Part 1 - What's Wrong In This Island?

71 3 0
                                    

Everyone on that island looked suspicious.

They couldn’t blame me for being such a paranoid. They way they looked at me, the way they treated me, it’s like I was different. I felt like a fish out of water. I didn’t belong there.

I didn’t remember how I got to that island. Or so it seemed thinking that I was indeed on an island. I didn’t know what lies beyond those mountains in the east. The villagers didn’t want me to explore. I just stayed there, near the sea, living among those people with red eyes and red hair and stained teeth. I ate their food, mostly fish and what they call, ‘tinabal’. The latter looked gross but I was used to eat it somehow. I had no choice.

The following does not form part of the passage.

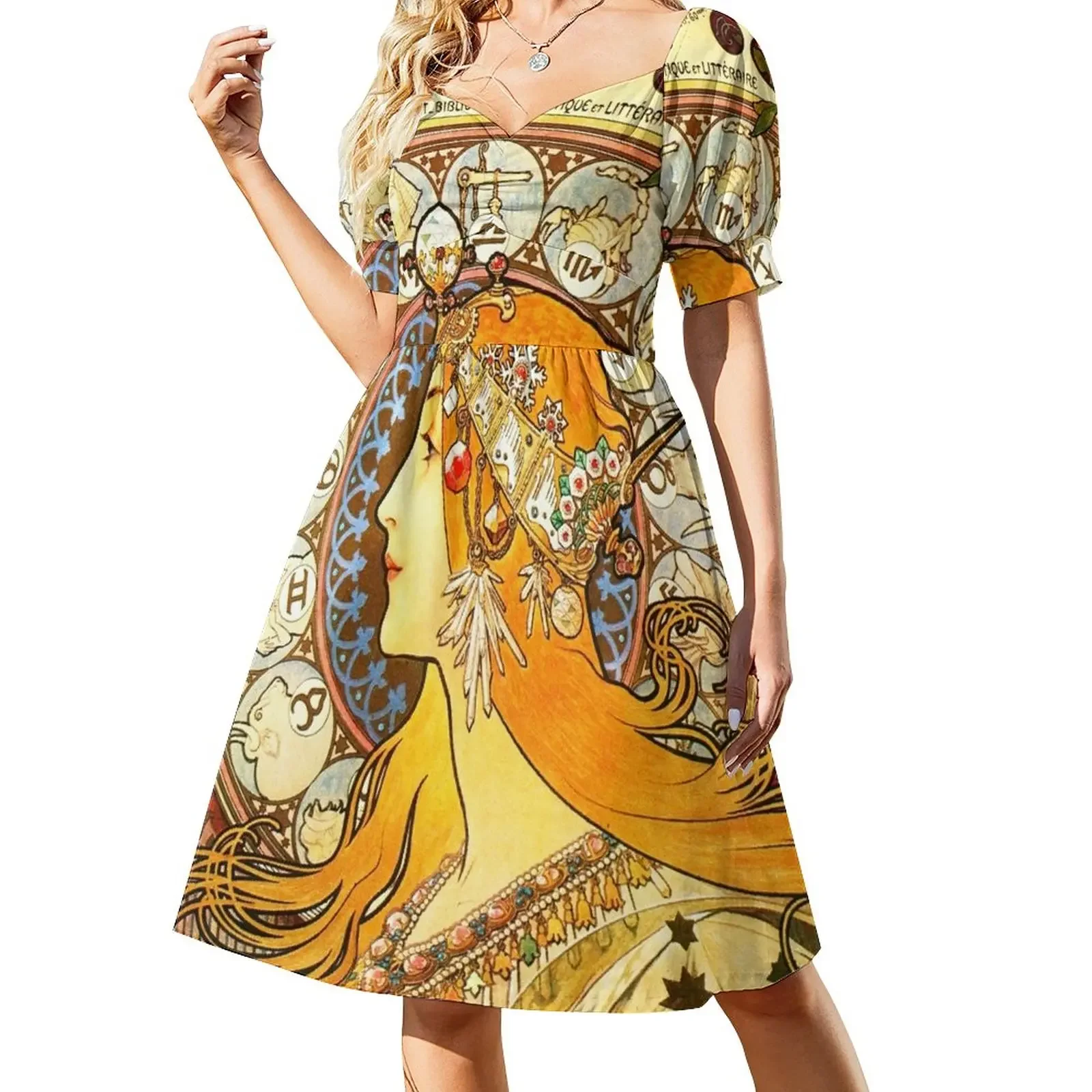 

La Plume Zodiac - Alphonse Mucha Sleeveless Dress dress summer 2024 women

It was a bright full moon when I woke up and discovered my existence there in the island. Since then, I was stuck there for three months without any idea who I am, where I came from, and whatever happened before I lost consciousness. They called me Lumot. Whatever that means. They said they found me on the shore covered in green slimy seaweeds, almost lifeless. Girong and Dadang took care of me. They said they don’t have a child. They became my foster parents.

Girong, my foster father, has those same red eyes and red hair and stained teeth like the others. He was the one who found me first and took me home. When I woke up in their bamboo bed the next day, he didn’t ask me who I am, where I came from, whatever happened to me. He just gave me soup he calls ‘sinanggop’ that Dadang, my foster mother, prepared for me.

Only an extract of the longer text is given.